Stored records
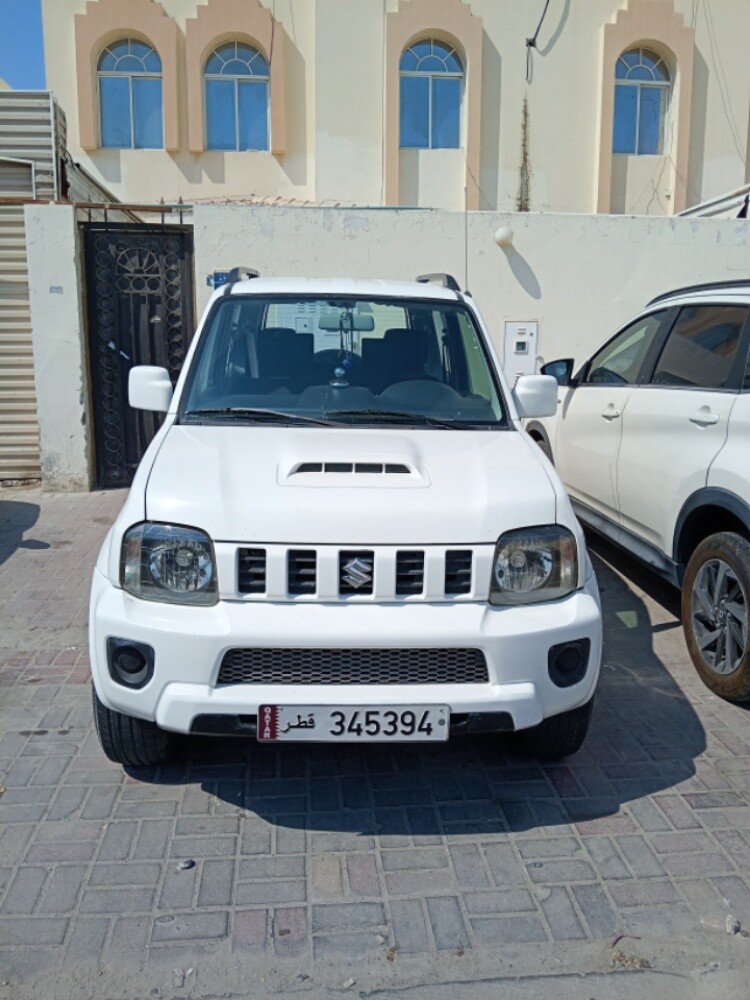 سزوكى جمنى 2014 - 1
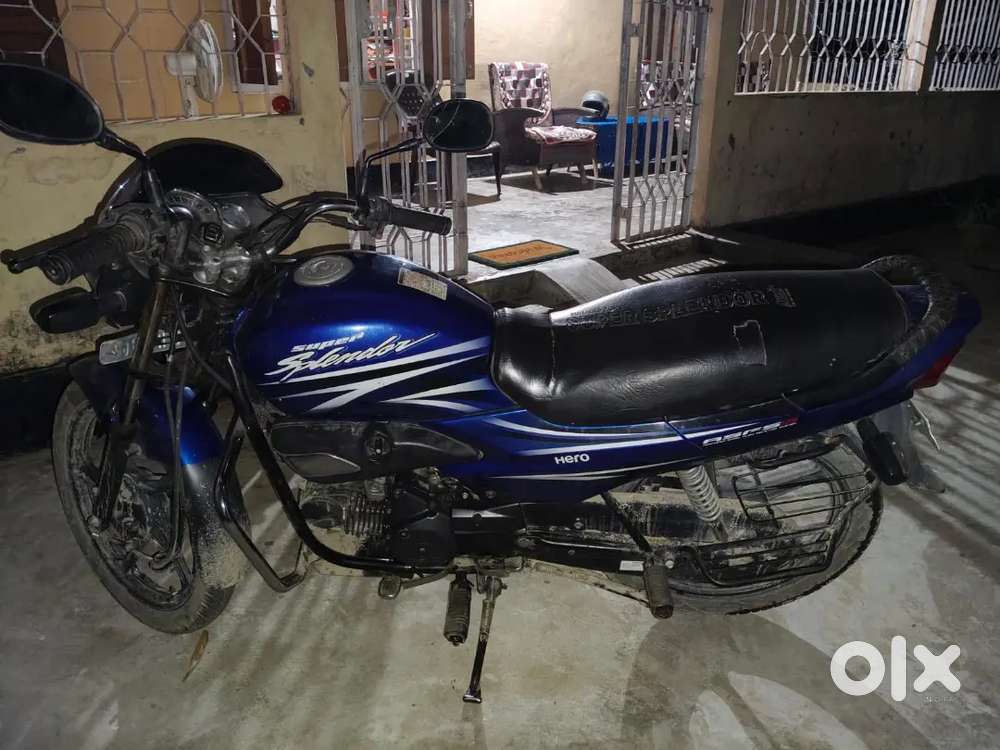 Well maintained bike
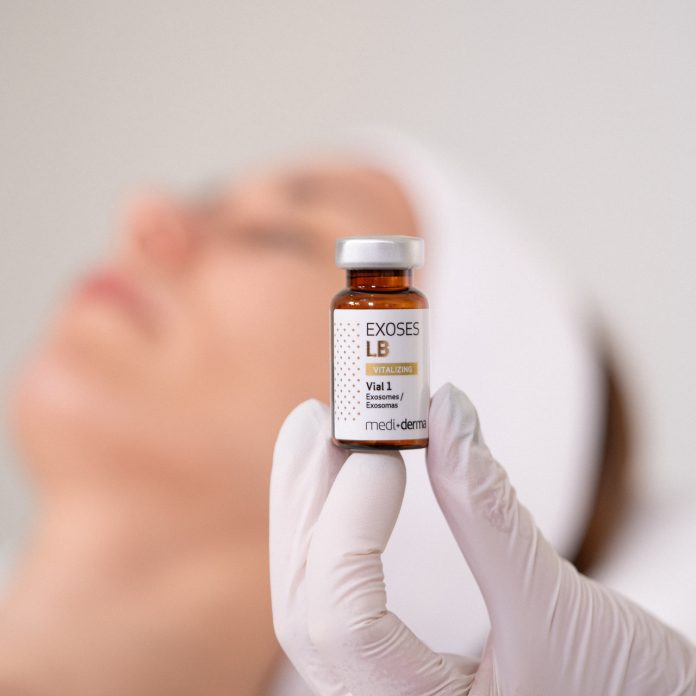 Mediderma presenta Exoses LB.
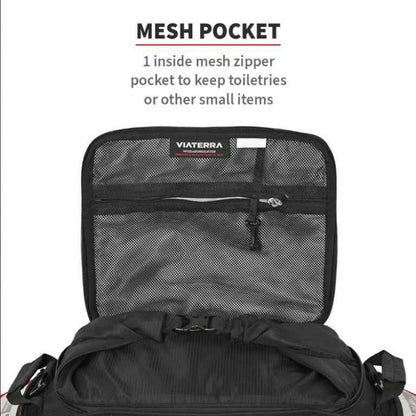 Viaterra Claw Mini 48L Tail Bag - 100% Waterproof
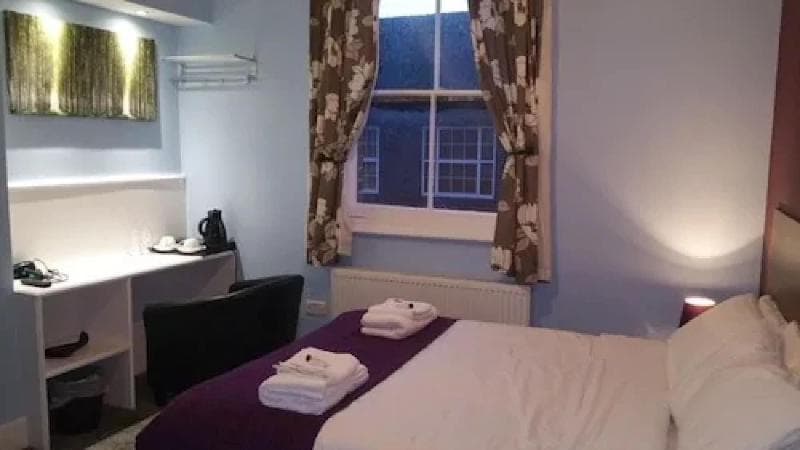 Ali Inn Oxford main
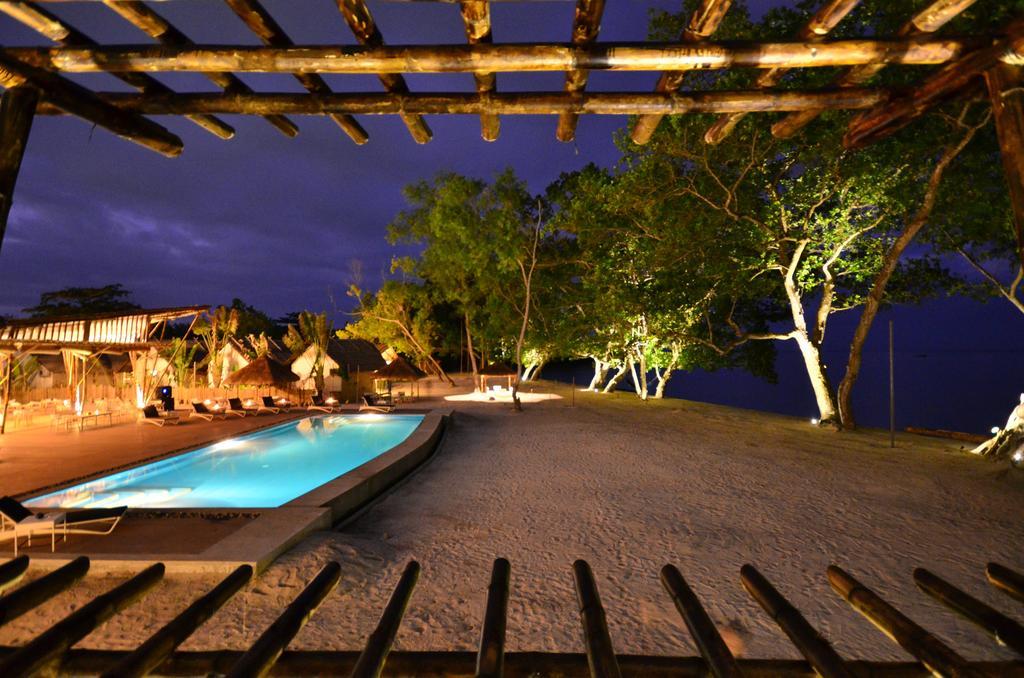 Blue Palawan Beach Club Puerto Princesa Exteriér fotografie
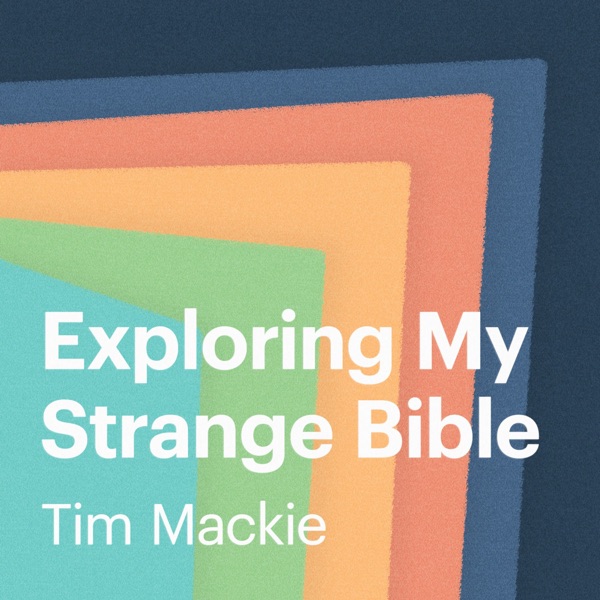 Exploring My Strange Bible image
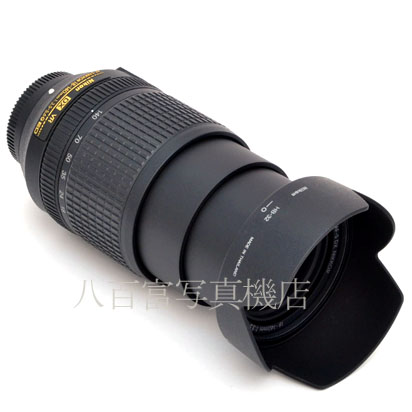 【中古】 ニコン AF-S DX NIKKOR 18-140mm F3.5-5.6G ED VR Nikon 中古交換レンズ 45788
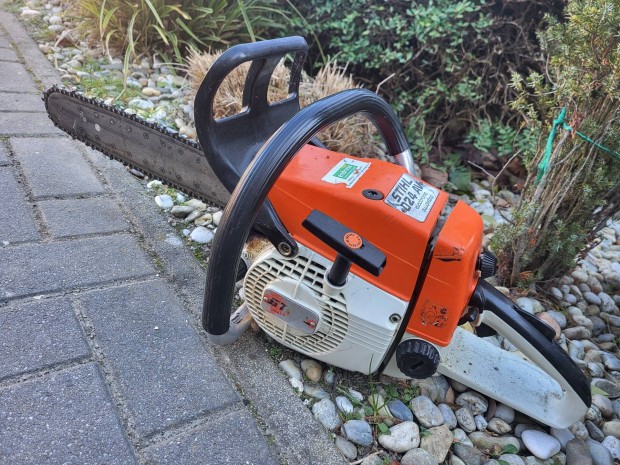 Elad Ausztribl egy gyri motoros stihl 024 AV frsz! 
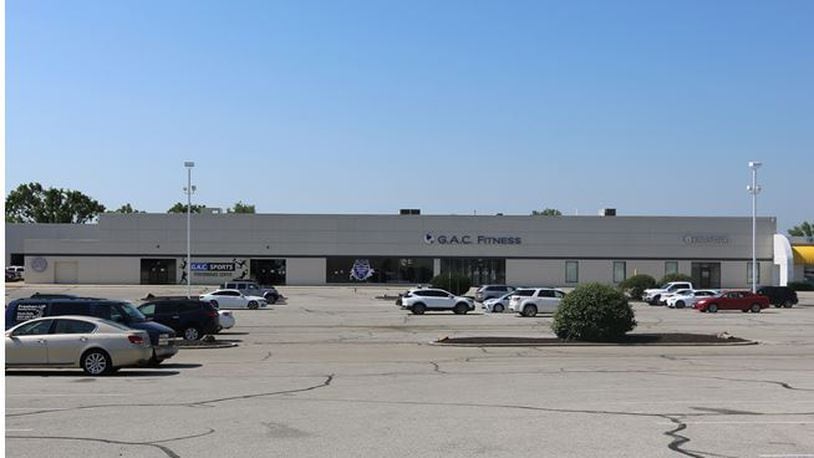 Fitness 1440 has signed a lease for a 42,531 square-foot location in the Midway Plaza. The fitness center will expand the former GAC Fitness location and will be remodelling the space. CONTRIBUTED/LEATHERY COMPAN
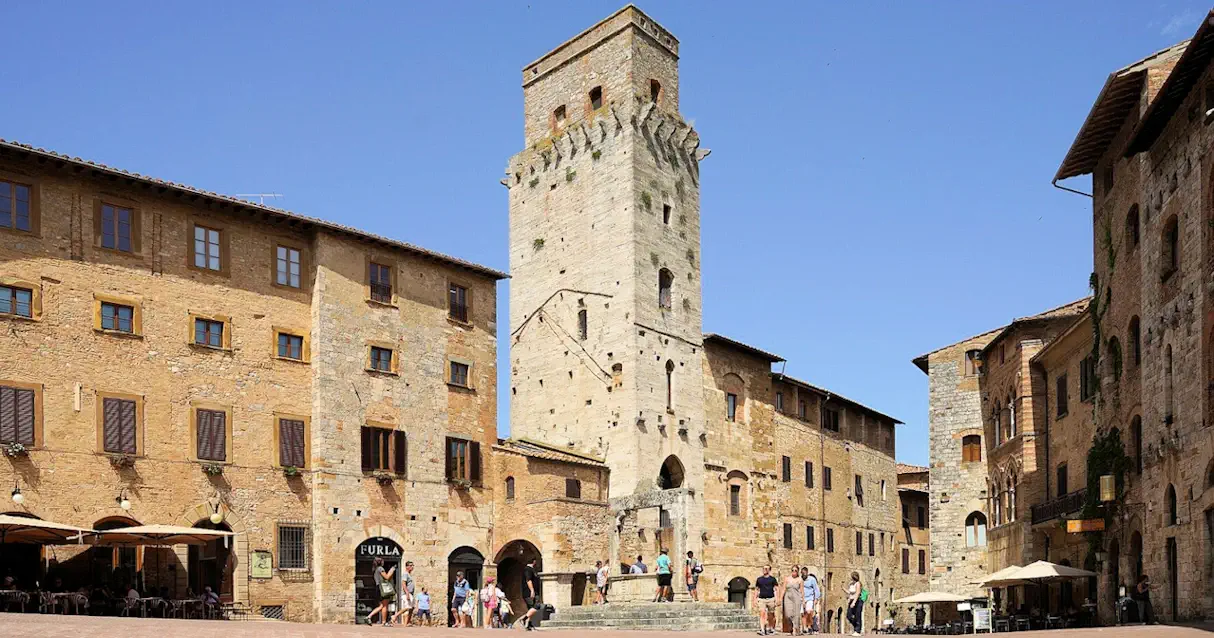 San Gimignano, Italy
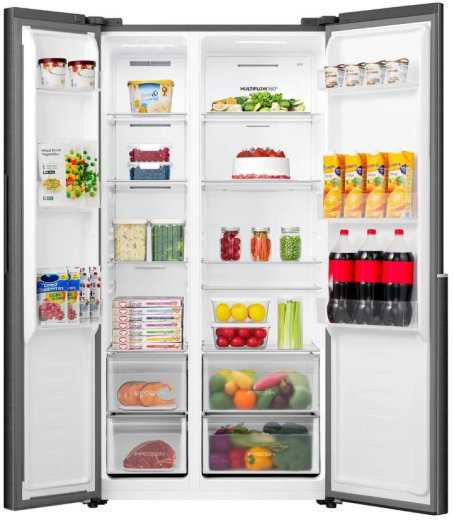 Холодильник Gorenje NRS917E41BX - 8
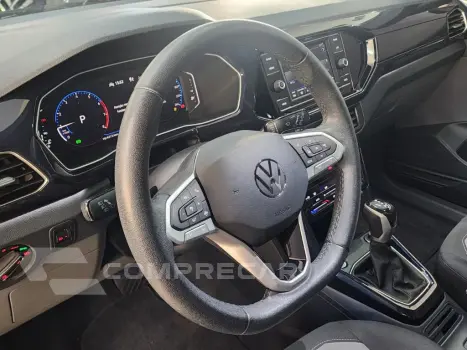 T-Cross Comfor. 200 TSI 1.0 Flex 5p Aut.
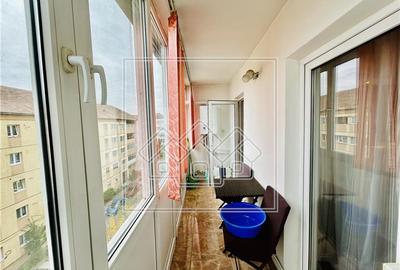 Apartament cu 2 camere nedecomandat în Aeroport - 6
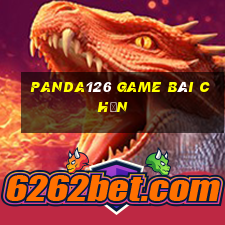 Panda126 Game Bài Chắn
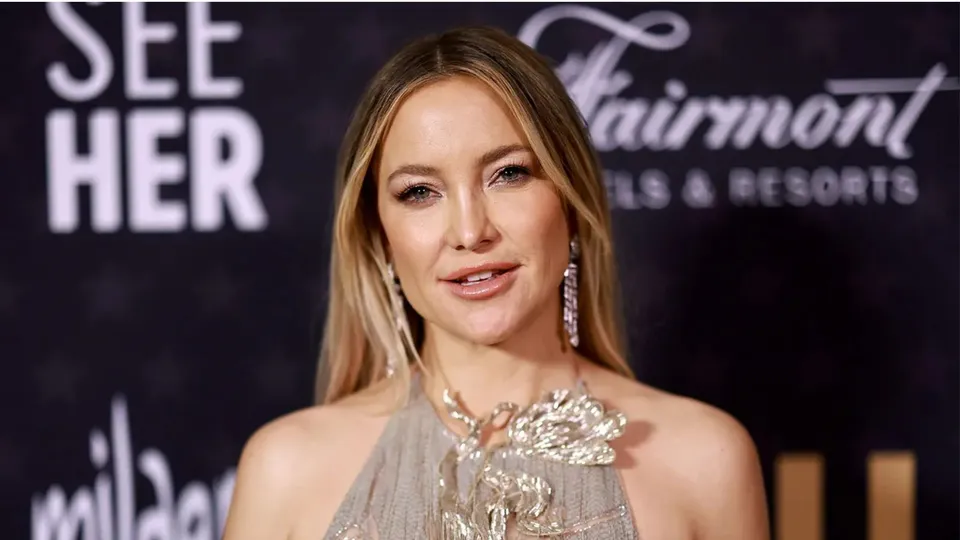 Hollywood actress Kate Hudson image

■ Directions for this task:
Nothing but the lines from the one containing "Apartament cu 2" through the final line of the records, both included and copied exactly, should appear in the answer; pictures stay out.

■ Task result:
 Apartament cu 2 camere nedecomandat în Aeroport - 6
 Panda126 Game Bài Chắn
 Hollywood actress Kate Hudson image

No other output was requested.